The cost bond in question, in part, reads:
"The condition of this obligation is such that, whereas, the said defendant has demanded of the said Toledo Scale Company, plaintiff in the above entitled and numbered suit, a bond for such costs as may accrue or be taxed in said case.
"Now, therefore, if the above bounden, Toledo Scale Company, shall well and truly pay all such costs as may accrue or be taxed in said case whenever it shall be lawfully required to do so, then this obligation to be null and void, otherwise to be and remain in full force and virtue and the said surety shall be liable instead."

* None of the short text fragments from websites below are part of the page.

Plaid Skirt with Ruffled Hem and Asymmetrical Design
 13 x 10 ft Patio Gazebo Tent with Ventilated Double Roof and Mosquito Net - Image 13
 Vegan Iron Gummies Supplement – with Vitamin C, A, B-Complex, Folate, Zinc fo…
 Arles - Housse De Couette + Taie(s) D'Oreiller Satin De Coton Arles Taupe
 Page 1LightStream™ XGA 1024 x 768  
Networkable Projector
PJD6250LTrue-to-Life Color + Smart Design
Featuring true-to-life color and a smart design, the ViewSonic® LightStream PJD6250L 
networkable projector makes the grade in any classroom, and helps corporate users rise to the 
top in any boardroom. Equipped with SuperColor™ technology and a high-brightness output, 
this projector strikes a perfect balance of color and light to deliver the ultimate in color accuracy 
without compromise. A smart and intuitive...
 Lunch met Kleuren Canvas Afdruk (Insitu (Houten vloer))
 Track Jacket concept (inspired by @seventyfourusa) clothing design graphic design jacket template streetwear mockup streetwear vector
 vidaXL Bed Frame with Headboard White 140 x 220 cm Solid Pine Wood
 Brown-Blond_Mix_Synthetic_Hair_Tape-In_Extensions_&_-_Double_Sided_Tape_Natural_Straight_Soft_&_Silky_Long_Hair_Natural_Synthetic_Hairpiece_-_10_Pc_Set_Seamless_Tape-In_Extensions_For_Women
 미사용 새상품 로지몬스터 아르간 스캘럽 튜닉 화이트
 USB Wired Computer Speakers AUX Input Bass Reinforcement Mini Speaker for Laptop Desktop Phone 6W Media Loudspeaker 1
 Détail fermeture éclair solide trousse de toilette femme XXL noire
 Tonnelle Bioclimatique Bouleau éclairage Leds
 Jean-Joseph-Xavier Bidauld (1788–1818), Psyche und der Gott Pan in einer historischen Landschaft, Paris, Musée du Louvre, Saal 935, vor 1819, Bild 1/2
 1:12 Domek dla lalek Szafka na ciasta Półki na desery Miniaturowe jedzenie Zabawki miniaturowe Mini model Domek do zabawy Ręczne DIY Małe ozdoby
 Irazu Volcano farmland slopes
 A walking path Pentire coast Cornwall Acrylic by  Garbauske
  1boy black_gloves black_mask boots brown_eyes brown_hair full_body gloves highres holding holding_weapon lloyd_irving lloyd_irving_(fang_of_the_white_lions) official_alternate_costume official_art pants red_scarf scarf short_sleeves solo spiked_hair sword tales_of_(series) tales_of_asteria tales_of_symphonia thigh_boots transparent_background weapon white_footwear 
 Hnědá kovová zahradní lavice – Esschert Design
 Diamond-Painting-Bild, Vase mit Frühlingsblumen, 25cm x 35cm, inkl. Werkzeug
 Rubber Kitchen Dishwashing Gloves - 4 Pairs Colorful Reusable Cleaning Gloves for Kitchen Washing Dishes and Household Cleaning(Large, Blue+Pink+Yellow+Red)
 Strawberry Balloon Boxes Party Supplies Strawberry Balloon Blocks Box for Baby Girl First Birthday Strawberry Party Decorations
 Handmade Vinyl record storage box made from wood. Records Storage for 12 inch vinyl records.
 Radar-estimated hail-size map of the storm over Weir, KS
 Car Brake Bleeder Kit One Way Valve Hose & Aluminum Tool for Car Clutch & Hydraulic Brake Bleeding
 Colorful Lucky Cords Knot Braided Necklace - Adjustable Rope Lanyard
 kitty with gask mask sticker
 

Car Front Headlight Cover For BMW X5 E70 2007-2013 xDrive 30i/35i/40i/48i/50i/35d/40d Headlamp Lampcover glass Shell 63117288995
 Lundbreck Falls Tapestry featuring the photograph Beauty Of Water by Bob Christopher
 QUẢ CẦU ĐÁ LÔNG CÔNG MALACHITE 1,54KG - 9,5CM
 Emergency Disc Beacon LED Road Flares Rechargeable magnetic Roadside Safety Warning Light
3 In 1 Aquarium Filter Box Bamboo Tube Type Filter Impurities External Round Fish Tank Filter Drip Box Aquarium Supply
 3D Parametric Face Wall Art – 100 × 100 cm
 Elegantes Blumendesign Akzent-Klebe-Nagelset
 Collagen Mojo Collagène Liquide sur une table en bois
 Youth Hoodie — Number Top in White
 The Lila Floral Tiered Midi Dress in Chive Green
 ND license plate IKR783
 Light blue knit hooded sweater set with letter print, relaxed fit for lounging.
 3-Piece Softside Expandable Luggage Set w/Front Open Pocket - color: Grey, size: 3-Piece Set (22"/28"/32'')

It is clearly reflected from these quoted portions of the bond: (1) that defendant has demanded that plaintiff furnish bond to secure payment of costs; and (2) that if plaintiff did not pay "all such costs as may accrue or be taxed", etc., the surety would be liable therefor. The only limitation upon the surety's responsibility in this respect may be found in the court's order requiring the bond and this order is not referred to nor mentioned in the bond. A question might arise as to the measure of the surety's liability, in view of this state of facts, but we are not now confronted with such. Such a question would be personal to the surety. Certainly he is bound secondarily for the payment of costs to the extent of $25. If no order *Page 837 of court had been made, the bond would none the less have been perfectly valid. Salmon et al. v. Martin et al., La.App.,164 So. 345.
Plaintiff cites only one case to sustain his position, viz: Canal C. Sts. Railroad Company v. Succession of John Armstrong, 27 La.Ann. 433. This case is not at all in point. The bond involved therein was not in any sense a judicial bond, but a conventional one. The court held that omission from the bond of a definite amount as the maximum of the measure of the surety's liability thereon was fatal to the validity of that obligation. The court clearly contrasts the character of the obligation of sureties on said bonds in this pronouncement:
"The case of Penniman v. Barrymore, 6 [Mart.] N.S., 494, cited by plaintiff, is not applicable. That was a sequestration bond, where the amount was not properly filled in; it was a judicial bond, and the surety signed in reference to the law fixing the amount and the conditions thereof. It has frequently been held that omissions in filling judicial bonds are supplied by law, but in the case at bar the bond is in no sense judicial; it is an ordinary conventional bond, given by an officer of a corporation for the faithful performance of his duties; and as the surety promised to pay no specific sum, there is no obligation for the court to enforce."
The bond we are discussing is authorized by statute. It is therefore judicial in character. If a judicial bond is defective in material respects, the law authorizing its execution and delivery might be referred to, and as far as necessary, in a proper case, read into it to cure the defects. Miller v. Bonner,163 La. 332, 111 So. 776.
But we see no material defects in or omissions from the bond before us. It was given for one definite purpose, to-wit, to secure payment of all court costs should the principal default in doing so, in the event it should be cast therefor. The language of the bond leaves no doubt on this score. It was signed with reference to the law under which it was demanded. It is definite as to the amount of the surety's liability. This could not be more than the total costs to accrue and be taxed in the case. When filed, there remained nothing to prevent entry of judgment by default in the case. The lower court so interpreted the situation.
For the reasons herein assigned, the judgment appealed from is hereby affirmed, with costs.